Após a invasão da Ucrânia pela Rússia em fevereiro de 2022, a Microsoft anunciou a suspensão de novos fornecimentos de produtos e serviços para a Rússia, em respeito às sanções impostas pelos Estados Unidos e Europa, mas os russos continuaram a encontrar maneiras de usar os jogos e sites como Discord e Steam para alcançar audiências mais amplas. Muitos dos exemplos estão em russo, sugerindo que o alvo da mensagens eram russos que estão no país ou em nações próximas, incluindo a Ucrânia.

— A máquina de propaganda russa está tentando coisas novas para promover seu regime — disse Artem Starosiek, chefe da Molfar, uma consultoria ucraniana que analisa ameaças online.

Os pesquisadores da Molfar identificaram mais de uma dúzia de casos de propaganda pró-Kremlin no Minecraft, no Roblox, nas versões russas de World of Tanks e World of Warships, no Fly Corp, no Armored Warfare e no War Thunder. Quase todos os exemplos exaltavam a vitória soviética sobre a Alemanha nazista — um tema que Putin e seus assessores vem usando para obter apoio para a guerra atual. Alguns deles tinham links explícitos para partidos políticos ou agências governamentais.

Não está claro se a Microsoft ou outras empresas tomaram medidas para bloquear os esforços russos ou o que teria sido feito.

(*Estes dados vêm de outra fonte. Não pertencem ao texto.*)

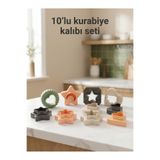 MappleHome 10'lu Eğlence Geometrik Modelli Kurabiye Kalıbı Çift Taraflı Kalp Yıldız Ay Kurabiye Kalıpları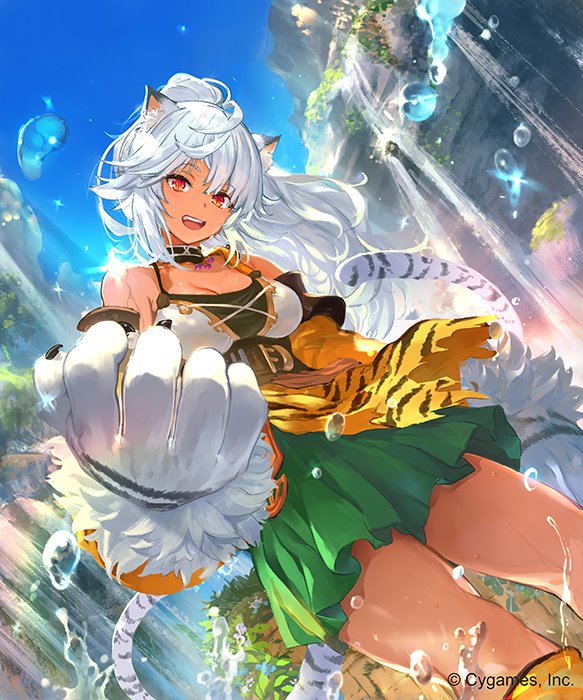 1girl, animal_ears, animal_hands, black_choker, breasts, choker, company_name, copyright, cowboy_shot, gloves, green_skirt, igarashi_youhei, ladica_(shadowverse), long_hair, looking_at_viewer, medium_breasts, official_art, open_mouth, paw_gloves, red_eyes, shadowverse, skirt, solo, tail, water_drop, white_hair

O Wargaming Group — criador de World of Tanks, World of Warships e outros jogos — com sede em Chipre, transferiu seus negócios na Rússia e na Bielorrússia, no ano passado, para o Lesta Studio, uma subsidiária em São Petersburgo. “A Wargaming é veemente no apoio ao povo da Ucrânia, ao nosso estúdio em Kiev e a nossos funcionários lá”, disse Alex Brewer-Disarufino, porta-voz da Wargaming na América do Norte, por e-mail.

Jacob Davey, o chefe de pesquisa sobre extrema direita e movimentos de ódio no Instituto para Diálogo Estratégico em Londres, acredita que o Minecraft e outros jogos poderiam ser ferramentas úteis para quem busca influenciar jovens vulneráveis, especialmente se esses indivíduos já entraram em grupos privados com a intenção de discutir ideologias periféricas.

— Sabemos que atores hostis que buscam fazer a cabeça e influenciar pessoas são oportunistas — disse Davey, que estuda a presença de conteúdos extremistas no mundo dos jogos online — eles vão aonde pensam que vão encontrar uma audiência receptiva e adotam uma ampla gama de plataformas tecnológicas para propagar sua mensagem — completou.